Ce qu'il faut retenir
- La projection de Mercator, publiée en 1569, est à l’origine de la représentation standard des cartes géographiques.
- Cette méthode déforme les tailles relatives des pays : les régions proches des pôles (Groenland, Canada) apparaissent beaucoup plus grandes qu’elles ne le sont en réalité.
- L’Afrique, continent de 30 millions de km², est ainsi sous-représentée par rapport à une vision où le Groenland, soit 2,16 millions de km², occupe un espace similaire.
- Malgré ses limites, la projection de Mercator reste la référence dans les manuels scolaires et les logiciels de cartographie en ligne.
Conçue par le cartographe flamand Gérard Mercator il y a plus de quatre siècles et demi, cette projection a été imaginée à une époque où les explorateurs européens cherchaient à perfectionner leurs outils de navigation. D’après France 24, son objectif était avant tout de représenter les routes maritimes avec précision, en conservant les angles entre les méridiens et les parallèles — une propriété dite « conforme ».
Pourtant, cette méthode a un inconvénient majeur : elle agrandit démesurément les surfaces au fur et à mesure que l’on se rapproche des pôles. Ainsi, l’Europe et l’Amérique du Nord, situées dans les latitudes tempérées, bénéficient d’une représentation plus fidèle que les régions boréales ou australes. «
Le Groenland apparaît aussi grand que l’Afrique alors qu’il n’occupe en réalité que 14 % de sa superficie,» précise Alain Mionnet, géographe à l’Institut national de l’information géographique et forestière (IGN), cité par France 24.

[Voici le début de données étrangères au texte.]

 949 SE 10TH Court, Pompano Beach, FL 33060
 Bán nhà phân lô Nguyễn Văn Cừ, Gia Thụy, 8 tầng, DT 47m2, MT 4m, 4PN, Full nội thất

Cette distorsion n’est pas qu’un simple détail technique. Elle influence notre perception du monde et, dans certains cas, peut alimenter des représentations géopolitiques biaisées. Par exemple, l’Europe, souvent perçue comme un continent dominant, apparaît sur les cartes de Mercator comme une puissance équivalente à l’Afrique — alors que cette dernière est 14 fois plus étendue. France 24 souligne que ces représentations ont pu, historiquement, renforcer des stéréotypes liés à la taille des territoires et à leur importance relative.
Les enseignants et les éditeurs de manuels scolaires sont de plus en plus sensibilisés à cette question. Certains pays, comme la France, commencent à intégrer des cartes alternatives dans leurs programmes éducatifs, mais cette transition reste lente. France 24 note que l’Union européenne réfléchit à des recommandations pour promouvoir des représentations plus équitables des continents.
Quant aux géants du numérique, comme Google Maps ou Apple Plans, ils continuent de s’appuyer sur Mercator pour des raisons de compatibilité technique et de simplicité. Pourtant, des voix s’élèvent pour demander une refonte des standards cartographiques, surtout à l’ère du numérique où les cartes sont consultées par des milliards d’utilisateurs chaque jour.
Reste à savoir si, un jour, le monde adoptera une nouvelle manière de se représenter — ou si Mercator, malgré ses défauts, restera à jamais ancré dans notre imaginaire collectif.
Cette projection conserve les angles, ce qui la rend pratique pour la navigation maritime et aérienne. De plus, son adoption massive depuis des siècles en a fait une référence technique difficile à remplacer, malgré ses biais géométriques.
Parmi les plus connues figurent la projection de Peters, qui met l’accent sur les tailles réelles des continents, et celle de Robinson, qui cherche un compromis entre fidélité des formes et des superficies. D’autres, comme la projection de Mollweide, sont utilisées en astronomie.